The CVE-2018-11776 vulnerability affects Struts 2.3 through 2.3.34, Struts 2.5 through 2.5.16, and potentially unsupported versions of the popular Java framework.
“Possible Remote Code Execution when using results with no namespace and in same time, its upper action(s) have no or wildcard namespace. Same possibility when using url tag which doesn’t have value and action se” reads the security advisory published by Apache.
“Possible Remote Code Execution when using results with no namespace and in same time, its upper action(s) have no or wildcard namespace. Same possibility when using url tag which doesn’t have value and action set.”
Experts warn that it is possible to trigger the RCE flaw when namespace value isn’t set for a result defined in underlying XML configurations and at the same time, its upper action(s) configurations have no or wildcard namespace.
The flaw could be also exploited when using URL tag which doesn’t have value and action set and at the same time, its upper action(s) configurations have no or wildcard namespace.

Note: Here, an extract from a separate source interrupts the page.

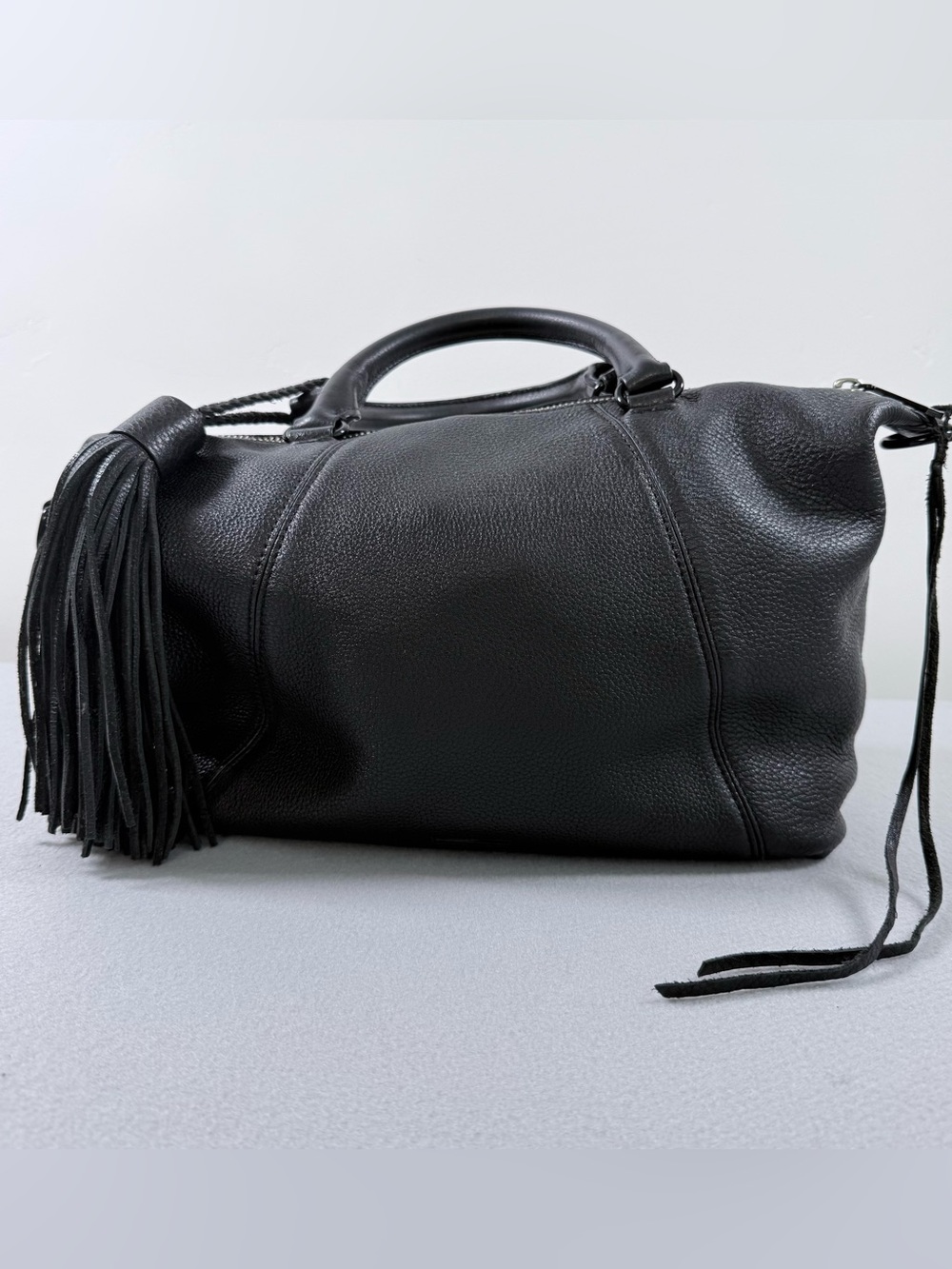 Rebecca Minkoff Satchel Black Pebbled Leather Ring Handle with Crossbody Strap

According to the experts from Semmle that discovered the flaw, the vulnerability affects commonly-used endpoints of Struts, which are likely to be exposed.
“Attackers can attack vulnerable applications by injecting their own namespace as a parameter in an HTTP request. The value of that parameter is insufficiently validated by the Struts framework, and can be any OGNL string. OGNL (Object-Graph Navigation Language) is a powerful domain-specific language that is used to customize Apache Struts’ behavior,” the researcher explained.
An attacker could trigger the flaw by injecting his own namespace as a parameter in an HTTP request. The lack of proper validation for that parameter is the root of the problem.
Just two days after the Apache Software Foundation released their advisory a working proof-of-concept (PoC) was published online.
According to the experts from the threat intelligence firm Recorded Future, there is an intense activity related to the Struts flaw in a number of Chinese and Russian underground forums.
” Unfortunately, this makes the vulnerability trivial to exploit — in fact, proof-of-concept code has already been released, including a Python script that allows for easy exploitation. Recorded Future has also detected chatter in a number of Chinese and Russian underground forums around the exploitation of this vulnerability.” reads the analysis published by Recorded Future.
“Unlike last year’s Apache Struts exploit (CVE-2017-5638), which was at the center of the Equifax breach, this vulnerability appears easier to exploit because it does not require the Apache Struts installation to have any additional plugins running in order to successfully exploit it.”
The number of potentially vulnerable application could be impressive.
“Apache Struts is a very popular Java framework and there are potentially hundreds of millions of vulnerable systems that could be exploited by this flaw. The challenge is in identifying how many systems are vulnerable.” continues Recorded Future.
“Because many of the servers running Apache Struts are backend application servers, they are not always easily identified, even by the system owners.”
The principal problem is that there are many reasons because Struts installs cannot be immediately updated especially in Critical systems.